I dont think there netted out of the river.They are farm raised as far as channels go but thats is what they say.I go to them a couple times a yr.I dont own a boat so its the beat way two catch the big ones...but on the other hand what i pay to fish i could save up and buy a boat lol.But i also like to bring my son fishing with me who is 2yrs old.I can bring him there and its safer for him...he cant follow me up the river wading and walking the banks plus it allows me to invole the whole family bring chairs and sit and have a good time so it has its pros and cons just like anything i guess.


----------



## River Anglin (Feb 18, 2008)

$15.00-$20.00? Wow! I've never fished in a paylake so I had no idea that people paid that much to sit and watch their bobber float.

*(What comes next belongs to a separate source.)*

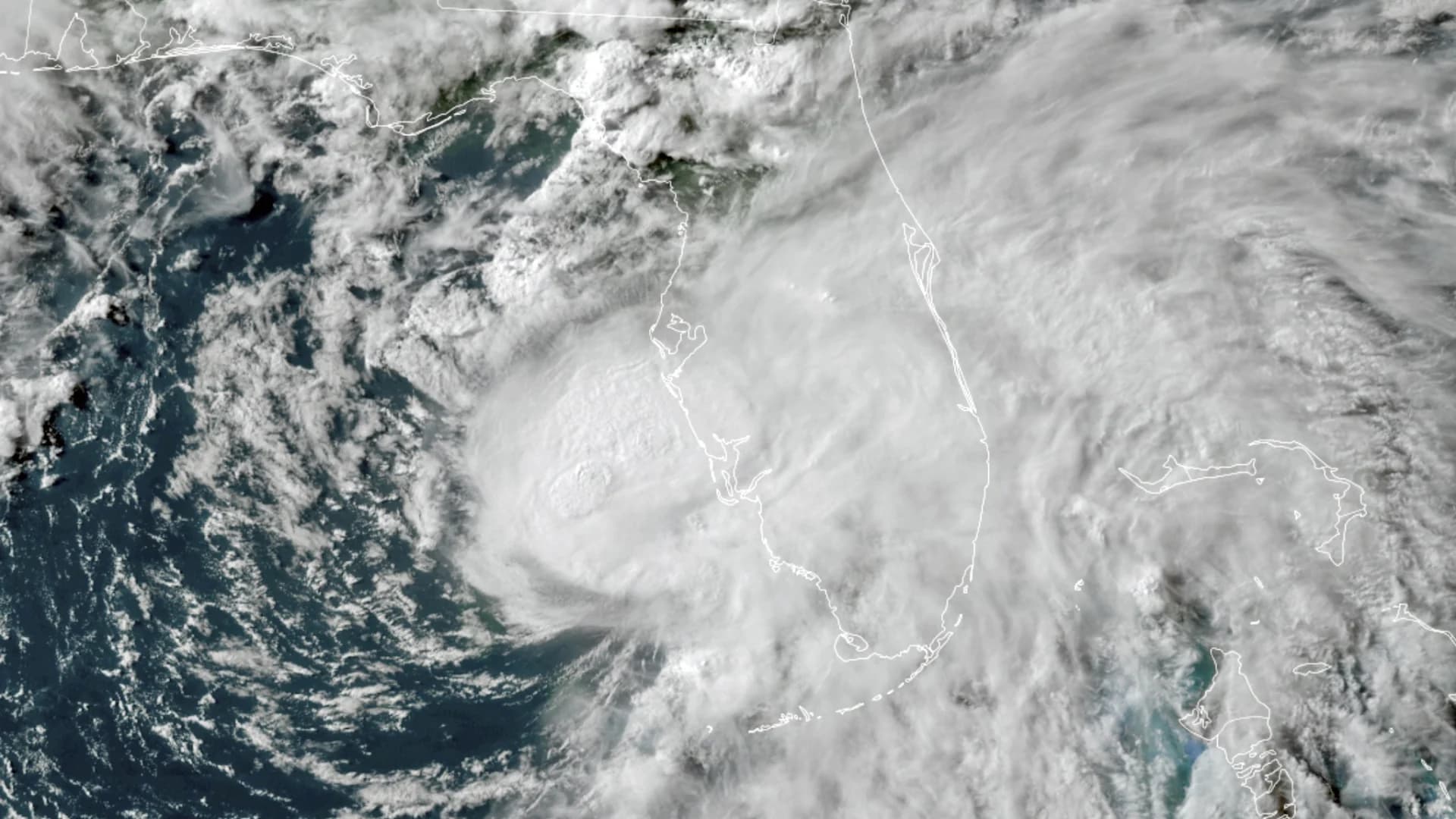 Officials: Storm lashing Florida strengthens into hurricane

I used to visit a paylake frequently on business and I was always amazed at the type of clientele around the place. Trash lying all around them and they looked like they lived in a cardboard box, yet they pay $20.00 to go fishing? I played 18 holes of golf last week for $18.00 and that included the cart!


----------



## mason08 (Oct 16, 2010)

i dont know of any place charging 15-20$.Monroe lake is 12,triangle is 10,stoney meadows is 11,all for 12hrs.And if u catch a tagged fish could win up to a couple hundred dollars.Plus there are jackpots.


----------



## SpecialNick (Dec 8, 2008)

the real pain is catching bait (im assuming its catfishing your doing). After that you just need to find someone who knows what they are doing at that lake. which is hard cuz everyone there claims to know everything. It can be fun, you'll catch a lot of giant fish. but its not cheap and catching bait gets old.


----------



## Fisherman 3234 (Sep 8, 2008)

The vast majority of paylakes here in Ohio do way more harm then good. The Flats and Blues that are in paylakes are river fish and a great majority of them were poached from native waters here in Ohio. It's sad when a 30+lb fish takes anywhere from 12-20 years to attain that size, but after it's thrown in a paylake they typically only last a month...


----------



## Salmonid (Apr 14, 2004)

as far as pay ponds go, if they have ANY cats bigger then about 4 lbs, I GAURANTEE you they were taken from a public body of water by Hoop Net, Jug Line or Trot Line. any smaller they may very well be pond raised. We tournament fish the Ohio River for cats around Cinci and I can tell you, we have some catfish "Pros" in our area, folks who fish all over the Midwest and 3-4 days a week year round. Now we have a 4 fish Limit and its typical for our tourneys to only have the top 3-4 teams actually bring 4 fish into the scales ( 14" minimum), Not that I am an expert but the last 4 times out, I have managed a total of 2 bites and zero fish. 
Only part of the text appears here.